Fig. 31. Comparison of Standard COLT and Test Vector Delivery Blocking

As seen in Fig. 31, test vector delivery time increases from approximately  $24\mu$ s to  $34.1\mu$ s, an increase of 42%, as the SoC's proportion of safety-critical software increases from 0% to 90%. When the proportion of safety-critical software is 40%, the increase in test delivery time is 26%.

## 3. Test Vector Storage Redundancy

By using redundancy in test vector storage and delivery, the CUT only requires a subset of its neighbors to access the complete test vector set. In these experiments, the test vector set was divided into 4 segments, and one parity segment was generated as described in the example in Section B. This redundancy introduces a 20% overhead in test vector storage.

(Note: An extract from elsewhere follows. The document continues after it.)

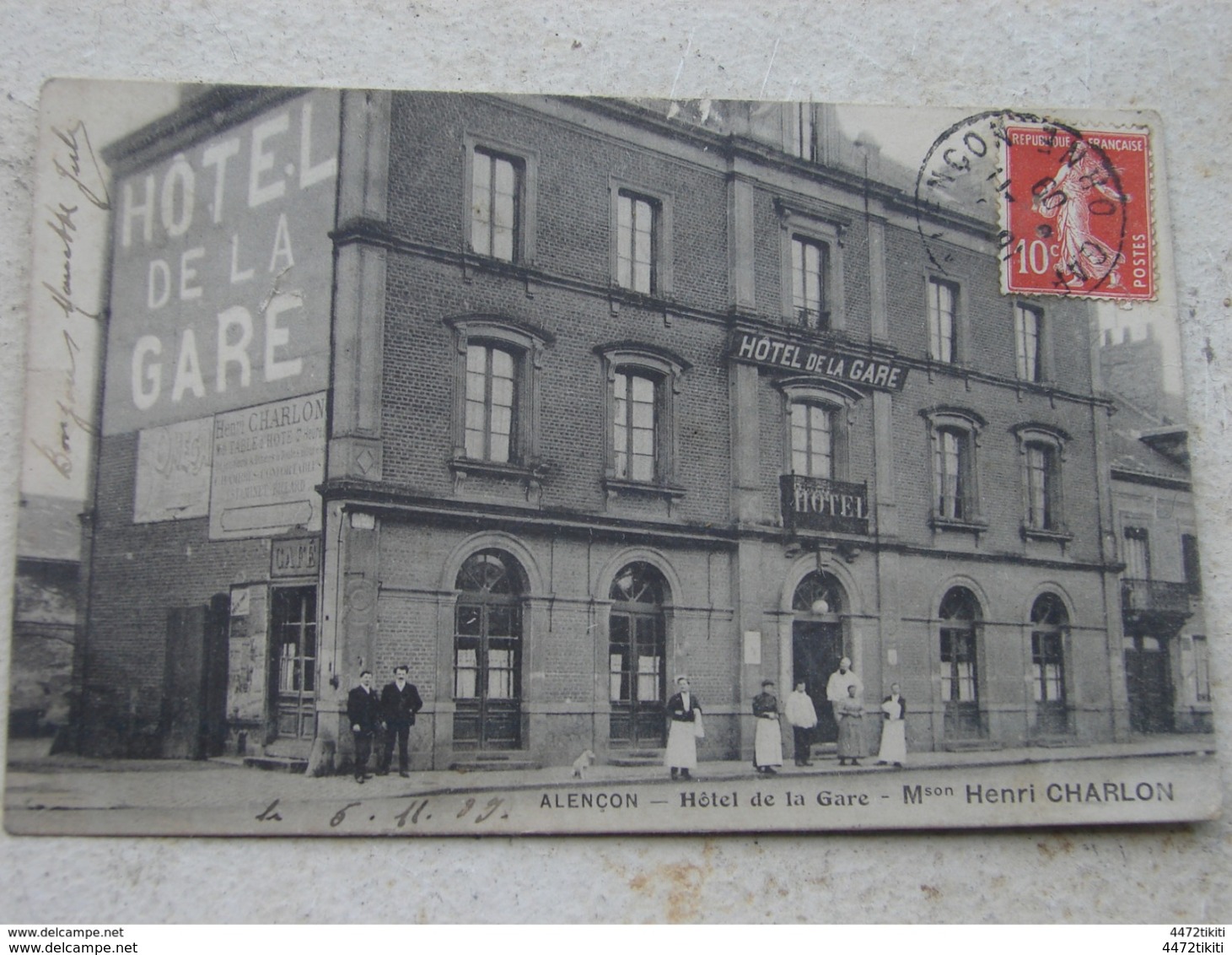 C.P.A.Photo Identifiée - Alençon (61) - Hôtel De La Gare - Maison Henri Charlon - 1909 - SUP (37) - Hotel's & Restaurants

As Fig. 32 shows, using storage redundancy with COLT allows for a significant reduction in application interference under a variety of safety-critical loads. The greatest reduction in interference occurs between safety-critical section proportions of 10% and 70%; the average reduction of interference in these systems is 47%. Once the proportion of safety-critical software exceeds 70%, the benefits of storage redundancy are reduced due to the fact that most cores of the SoC are executing safety-critical software most of the time—interference is largely unavoidable.



Fig. 32. Interference Reduction of Storage Redundancy

Apart from application interference, it is also important to observe the effect of using storage redundancy with COLT on test vector delivery times. As Fig. 33 shows, test vector delivery times decrease as the proportion of safety-critical software increases. On average, the test delivery time is increased by 15%. This may seem counter-intuitive; however, an explanation is found when looking at the nature of storing and delivering redundant test vectors.



Fig. 33. Delivery Times of Standard COLT and Storage Redundancy COLT

When the proportion of safety-critical software is low (30% or less), a significant portion of the test vector traffic is redundant information—the parity segment as described in Section B. This redundancy increases the effective test vector delivery time of COLT. This redundant traffic may be used to verify the correctness of the test vector traffic in the event of transmission or storage errors, but that benefit is outside the scope of this dissertation.

# 4. Combination of Blocking and Redundancy

As described in Section B, both proposed schemes can be implemented together to allow both blocking and redundancy during COLT. In isolation, we have observed that blocking removes interference but has increasing test delivery times as the amount of safety-critical software increases. Alternately, storage redundancy has a decrease in test delivery time as the amount of safety-critical software increases, and it also provides a reduced level of interference when compared to Standard COLT.



Fig. 34. Test Delivery Times of All COLT Schemes

Fig. 34 compares the test delivery times of all schemes: Standard COLT, Test Vector Delivery Blocking, Test Vector Storage Redundancy, and the combination of the two. We observe that the test vector delivery times of the combination (Block+Red COLT) remains relatively stable under all safety-critical proportions.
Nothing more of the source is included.